CRISE DA DEMOCRACIA, CRISE DA POLÍTICA, CRISE DA ECONOMIA: O OLHAR DE ALGUNS ANALISTAS NÃO NEOLIBERAIS – 1. FUNDAMENTOS DA TEORIA ECONÓMICA (1ª PARTE), por WILHEIM LAUTENBACH

Selecção e tradução de Júlio Marques Mota. Revisão de Francisco Tavares.

Fundamentos da Teoria Económica (1ª Parte)

Wilheim Lautenbach

1. O lucro das empresas e o volume de emprego

[Esta análise teórica inicial questiona-se sobre a relação entre o montante dos lucros empresariais, os investimentos e o grau de utilização das forças produtivas (produção e trabalho) numa economia fechada, (excluindo a influência do Estado na atividade económica) vista esta a partir da influência da atividade econômica nacional em que se tomam os salários e a poupança dos não empresários como um dado ou,  dito de outra forma, como independentes  e onde se ignora ou se exclui a possível influência das disposições dos bancos individualmente tomados assim como a possível influência de uma política conscienciosa de crédito. Também se ignora aqui a influência da taxa de juro como um custo ou como uma receita sobre as decisões da empresa, para assim isolar a sua influência e o seu efeito de volume em face do que é mais claramente importante para a tomada de decisão pelo empresário: a influência e o efeito de querer alcançar  ótimos  resultados previsionais induzidos pela procura. Em matéria de política económica,  esta análise incide sobre a questão de quão altos devem ser os lucros e os investimentos, de modo a que, nestas condições, o potencial de produção seja totalmente utilizado.]

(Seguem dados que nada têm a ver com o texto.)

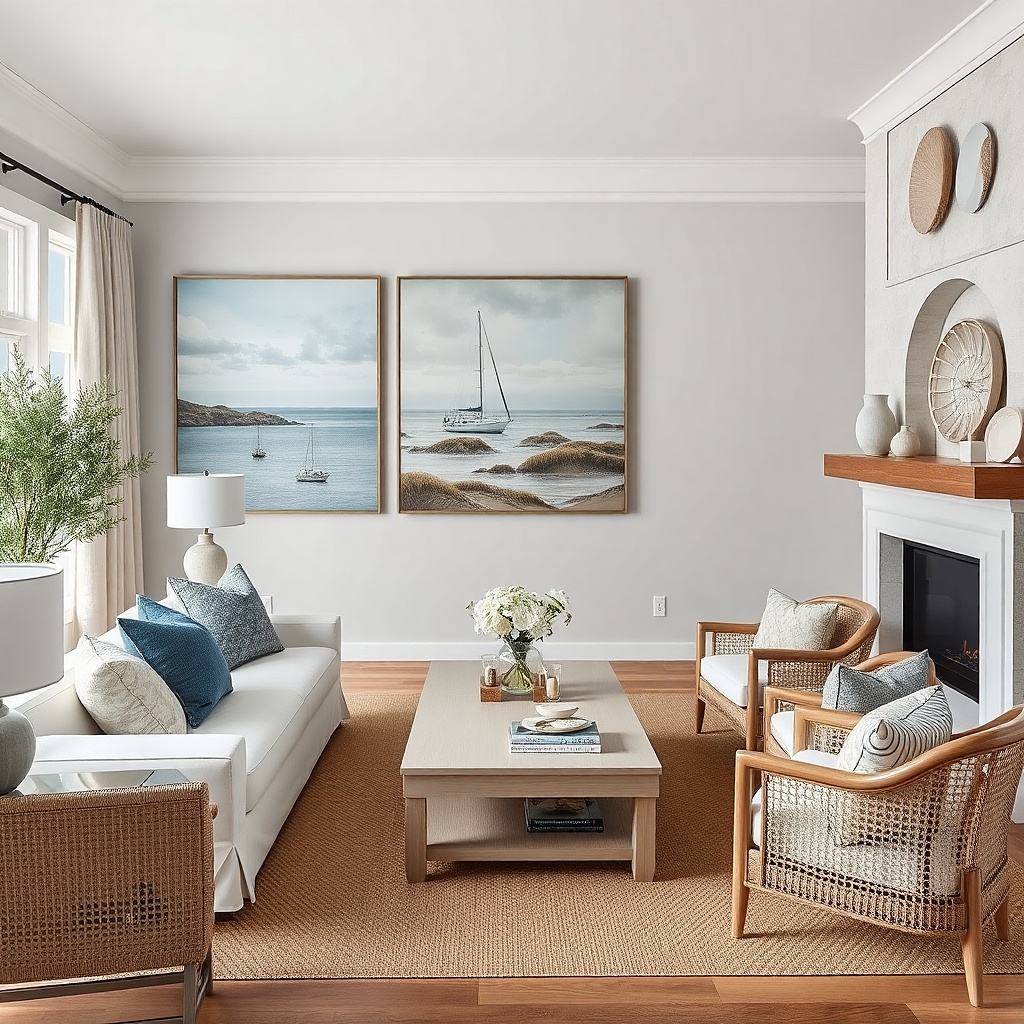 Two matching mirrors above sofa in a symmetrical layout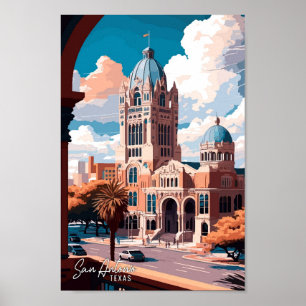 Poster Illustration de voyage vintage de l'art de San Ant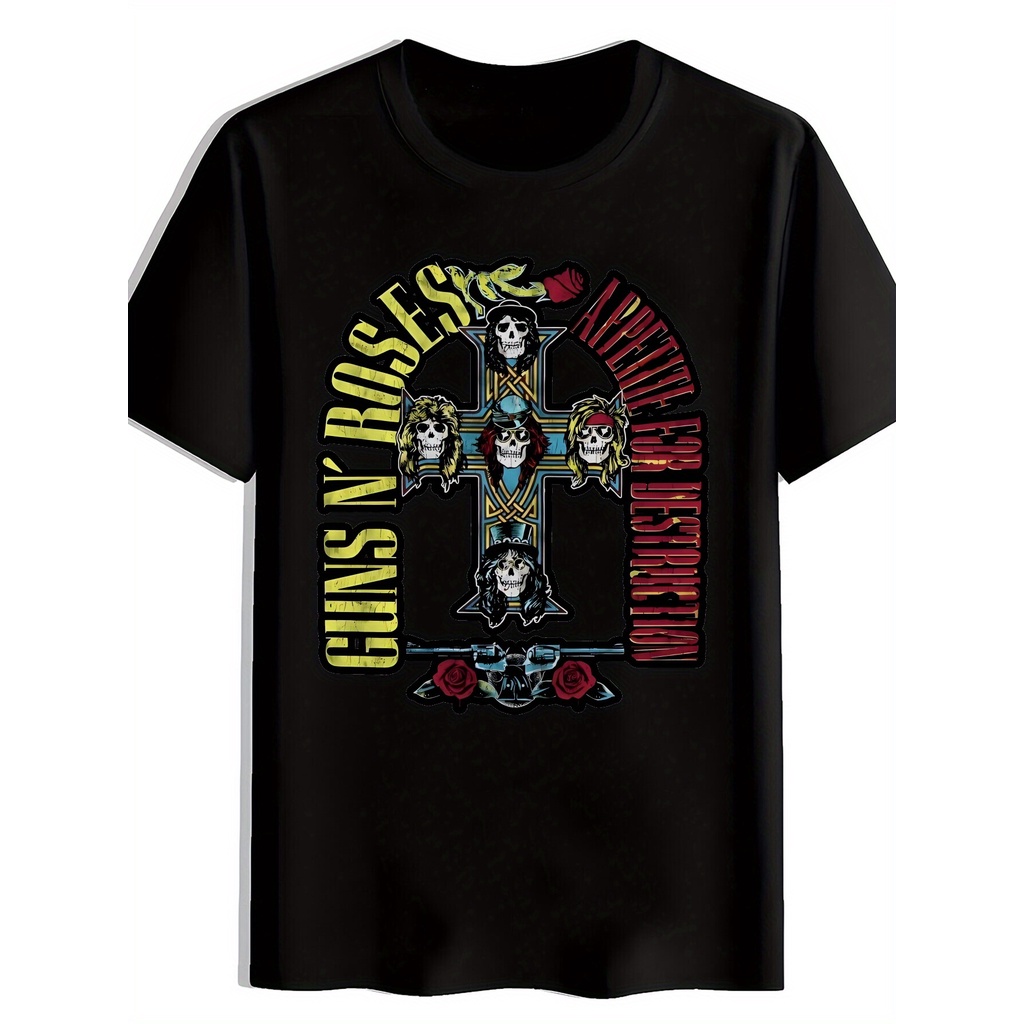Guns N 'Roses Skull & Crossed Guns Black Summer Tee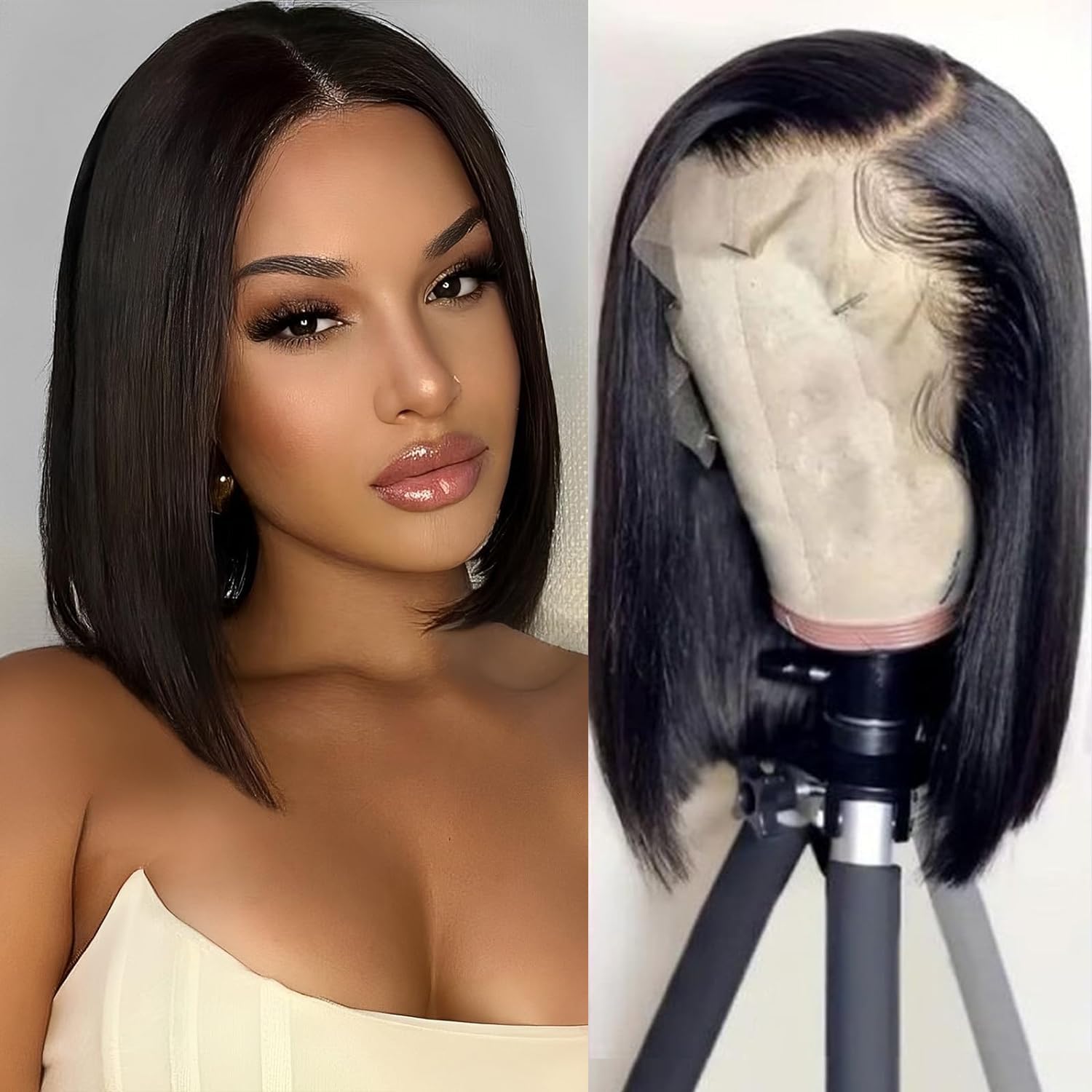 Lace Front Bob Wig Human Hair 13X4 Lace Front Wig 150% Density Brazilian Virgin Wig Human Hair Short Straight Bob Wigs Natural HD Transparent Natural Color 12 Inch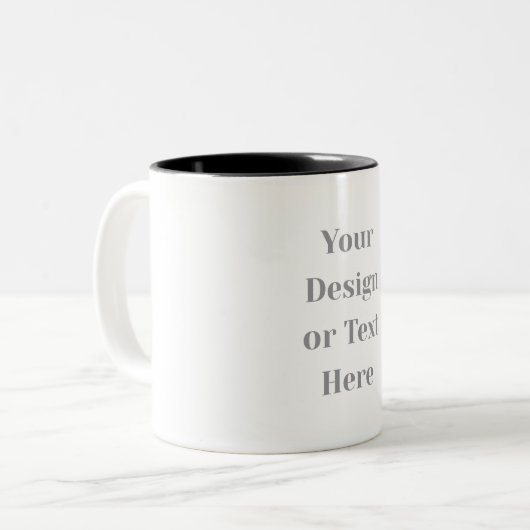 Customizable Your Design or Text Here Personalized Tweekleurige Koffiemok (Voorkant links)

a) Os lucros empresariais e as necessidades das empresas

Uma das premissas da economia clássica é o axioma segundo o qual em concorrência pura e perfeita numa economia fechada, a situação de equilíbrio económico estabelecido é automaticamente alcançado por ela mesma, ou mais corretamente dito, a economia gravita constantemente em torno deste estado de equilíbrio e, como resultado, temos que todas as forças produtivas são então completamente utilizadas e, como tal, obtém-se necessariamente o mais elevado valor possível para o PIB. Este é pois um dos pressupostos da teoria económica clássica. Existem duas explicações para a contradição entre esta tese teórica e a realidade económica, como a vemos sucessivamente, a variar entre pontos altos e baixos de atividade económica.

 (I). A condição sob a qual a proposição se considera verdadeira, ou seja, de que se verifica  a concorrência pura e feita em todos os lugares e consistentemente por todo o sistema, não é satisfeita. Como resultado o sistema económico perde a sua capacidade de adaptação e de corrigir rapidamente os desvios face à tendência, e em qualquer situação que não seja de equilíbrio.

2. Através da moeda e especialmente na sua forma moderna, pelos instrumentos financeiros, o processo poderia ser desastrosamente interrompido pelo disparar repentinamente da inflação e da deflação, e daí as crises e o caminhar de deflação em deflação.

Foi preciso dar-se o terramoto económico que rebentou em 1929 sobre todas as economias para que pelos menos alguns teóricos acordassem do seu profundo sono dogmático com que envolveram toda a ciência econômica com tudo o que restava à sua volta e fizeram-no de forma mais intensa que a magia da Bela Adormecida.

A primeira brecha visível no muro do dogma da teoria foi colocada por J.M. Keynes com o Treatise on Money editado em 1930, e com o seu livro “A teoria geral do emprego” lançada cinco anos mais tarde, com que firmemente se minou as bases da teoria clássica. Nos quinze anos desde a publicação de seu Tratado sobre dinheiro 3) a nova conceção da economia tornou-se vitoriosa e forçou mesmo com a sua motivação a que se abandonassem posições que os mais fiéis defensores da antiga teoria, consideravam inexpugnáveis e indispensáveis e até mesmo teoricamente fundamentais. Quase nenhum dos derrotados possuía a honestidade e a sinceridade para admitir a derrota e abrir-se a admitir o erro. Em vez disso, eles constantemente estão a esforçar-se para manter a precisão e a aplicação dos princípios do seu sistema teórico, ou afirmando também que a teoria mais recente não é, do ponto de vista dos factos, distinta da anterior a não ser pela terminologia ou, ainda, que esta assenta a sua análise em modificações em que a inelasticidade das práticas monopolistas infestava as economias e se geravam perturbações monetárias sobre todo o processo económico.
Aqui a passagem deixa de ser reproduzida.